Actuarial Science

Facing Challenges as Opportunities 

Inês Carreira, Closer Consulting

In a fast-changing world, full of uncertainty and emerging risks, Actuarial Science is the crystal ball that gives companies a brief look into the future. This field is made up of skilled experts in measuring and managing the risk of future events, as well as predicting its potential financial impact. These experts, also known as actuaries, use their combined skills in mathematics, statistics, economics, data science, among others, to bring financial security to the business, identifying opportunities and better planning for the future.

Formally recognized in the 17th century, Actuarial Science has played an increasing and important role in many industries, especially in the insurance industry. Insurance companies are able to make money and stay in business by betting on risk – the risk that your car won’t be destroyed in a crash, the risk that your house won’t burn down or the risk that you won’t die before the expected time. And they rely on actuaries to assess all those risks and estimate how much money should be reserved to pay for all the current and future claims, as well as to determine how much should be charged for an insurance policy in order to compensate potential losses, while still making a profit and being competitive.

On top of uncertainty, insurers of the current era are facing more and complex challenges. With Digital Transformation, Artificial Intelligence, the rise of Big Data and Internet of Things, the creation and pricing of insurance products is now more complex and challenging than ever. Insurers need to adapt to the new era and find the optimal combination between profitability and competitivity, while satisfying the customer needs.

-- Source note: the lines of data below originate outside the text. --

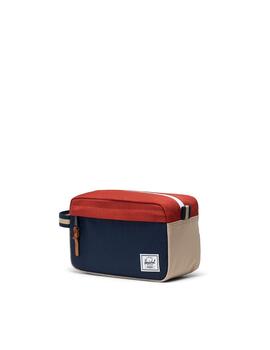 Neceser Herschel Chapter Travel Kit marino multi unisex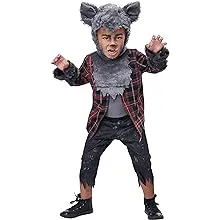 Girl's Wee-Wolf Costume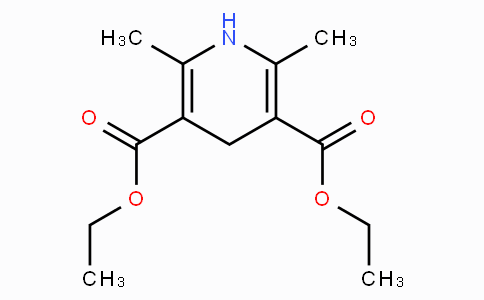 CAS No. 1149-23-1, Diethyl 1,4-dihydro-2,6-dimethyl-3,5-pyridinedicarboxylate
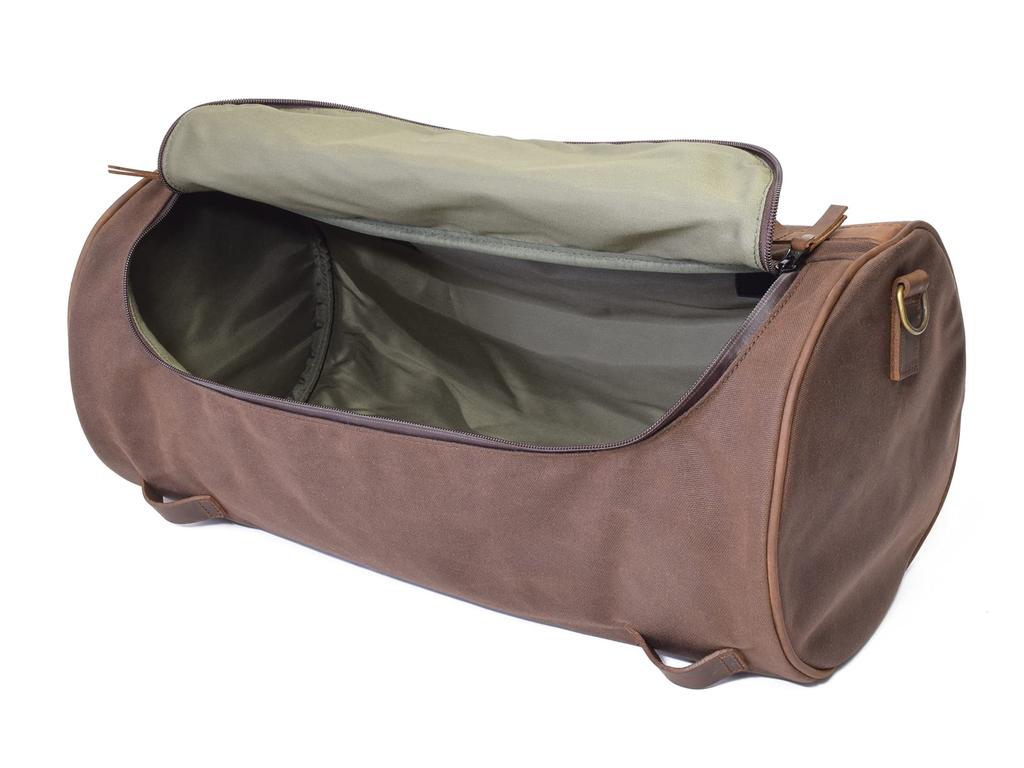 LONGRIDE Heritage Tail Duffel Bag Brown CUS141WBRO (32L)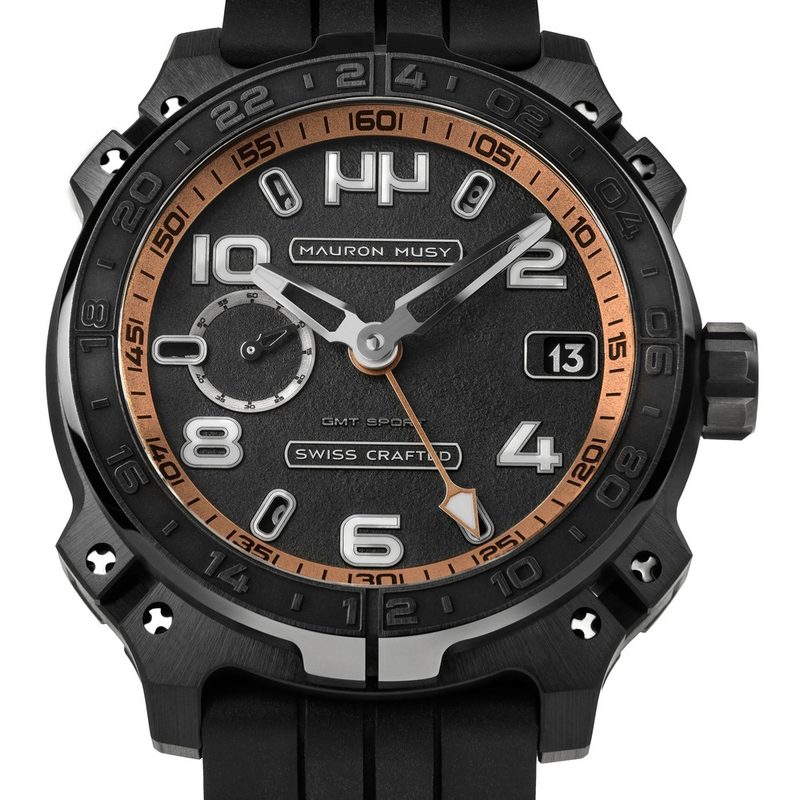 Mauron Musy GMT Sport (GPHG 2020)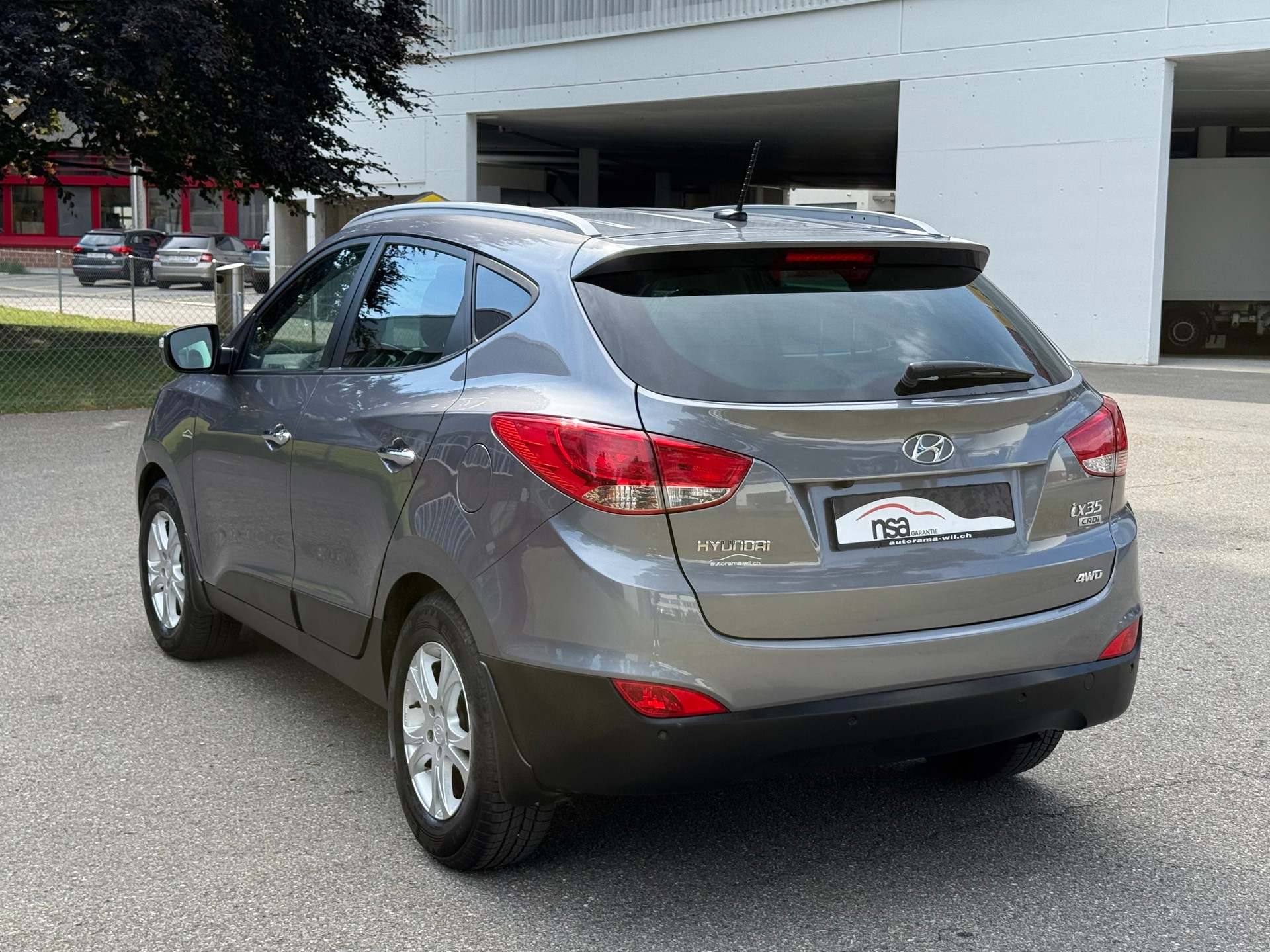 HYUNDAI iX 35 2.0 CRDi Style 4WD-image-4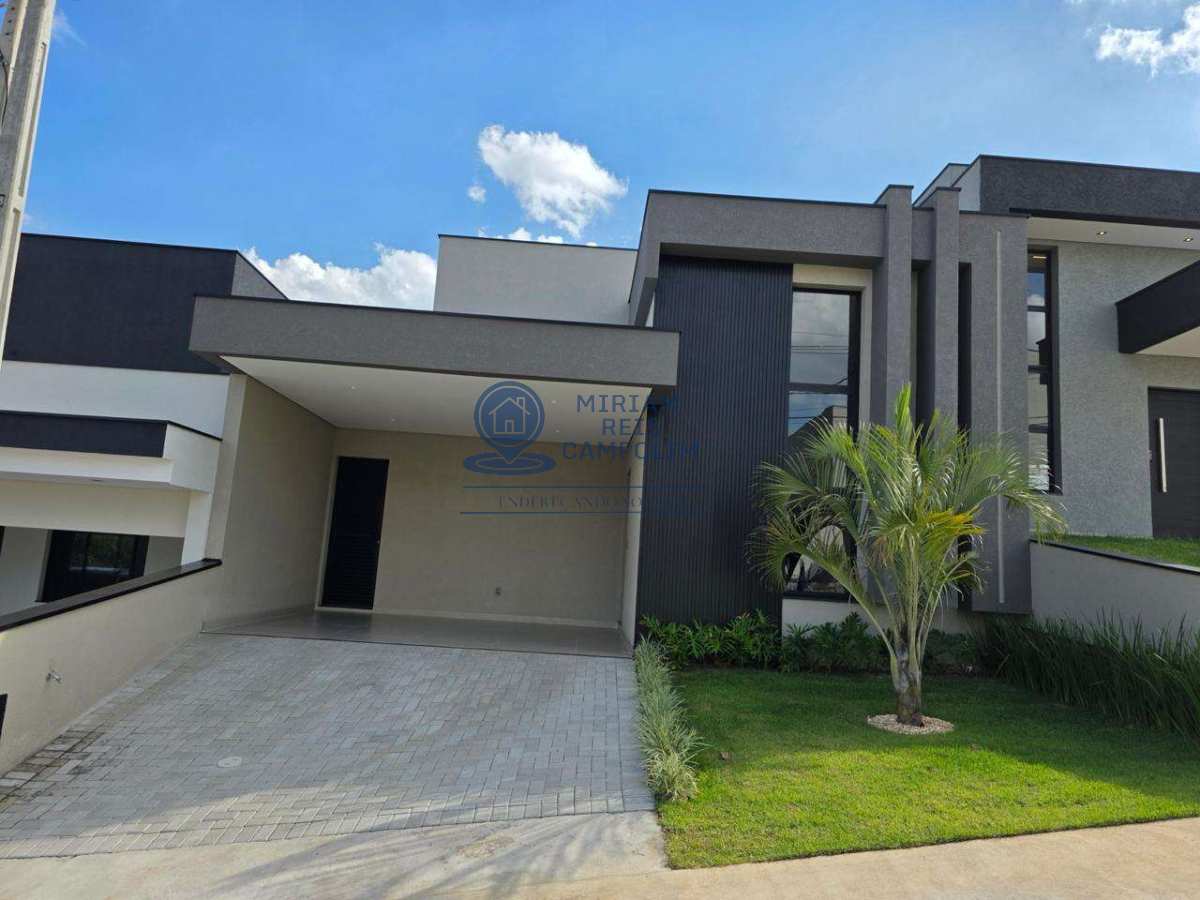 Casa Nova em condomínio à venda em Sorocaba, Wanel Ville - Miriam Reis Campolim   Corretora de imóveis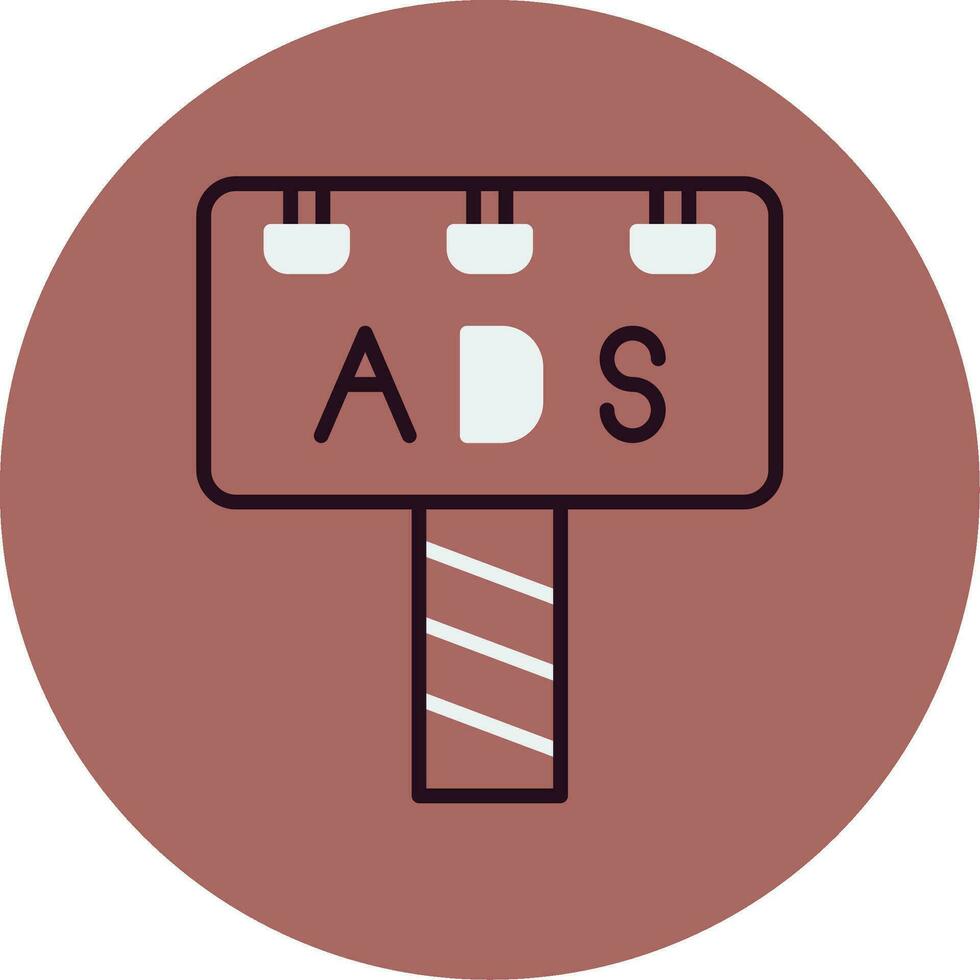 Ads Vector Icon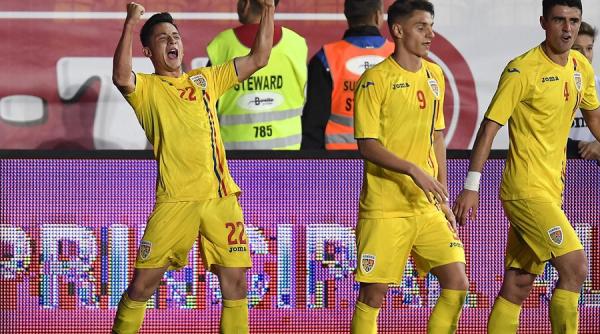 razbunarea lui morutan romania castiga lejer cu ucraina under 21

The job of the actuary is to look at these challenges as opportunities. The 21st-century actuaries are data-driven decision makers, able to embrace data science tools and use their actuarial knowledge and judgment to make accurate risk predictions and to efficiently design and price insurance policies. Being able to take value of all the available data has become an increasingly significant competitive advantage and actuaries play a key role in this matter. Taking advantage of the new technologies and data sources - like telematics -, help insurers better understand the costumer behavior and improve their pricing strategy by enabling the creation of more flexible and personalized products with premiums that best reflect the actual risk incurred.

Although actuaries are better known as the “insurance mathematicians”, the applications of actuarial science go beyond the insurance industry. Banking, investment management, pensions, climate change and even criminology are examples of other important applications of actuarial analysis.

More than calculating numbers, the actuary is a risk manager, a product manager, a financial planner, a data scientist, a business advisory. As Frank Redington once said, “the actuary who is only an actuary is not an actuary”.